Raisa Kabir with John Spencer and Queen Street Mill

Resistances, 2022

Commissioned for Art in Manufacturing in 2019 in collaboration with British Textile Biennial, Raisa Kabir began working between John Spencer, a sixth generation family weaving business and the last remaining traditional cotton weaver in Burnley, and Queen Street Mill, now a Grade 1 listed Museum with extensive archives and the last surviving 19th century steam powered weaving mill in the world.
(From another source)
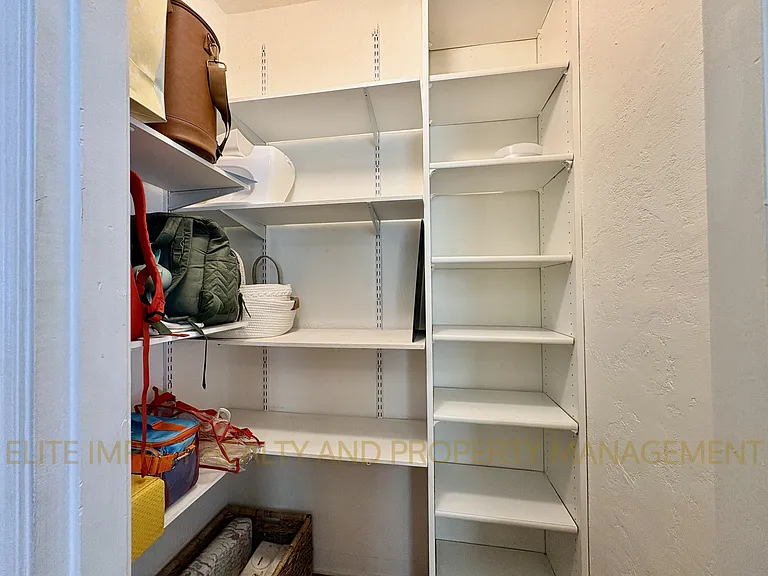 1718 E Grant Rd — Photo 22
The works presented at the National Festival of Making interwove geographical and historical connections between these two industrial spaces, global textile archives and communities of Lancashire.

Work exhibited was created in response to a two-year textile archive research project centred around The Textile Manufactures of India, an 18 volume set of fabric sample books assembled in 1866 by John Forbes Watson, a copy of which is held in the Harris Museum and Art Gallery, Preston. Using textiles collected from the Indian Subcontinent for the India Museum, Watson cut the cloths into samples to create the volumes,13 sets of 18 books, sent to design schools and manufacturers. Kabir researched the particular examples in the series that name Diasporas of those living in Burnley and beyond, whose families migrated to Lancashire from places such as Punjab, Lahore, Kashmir, Dhaka, and Sylhet; the places where the designs were originally created.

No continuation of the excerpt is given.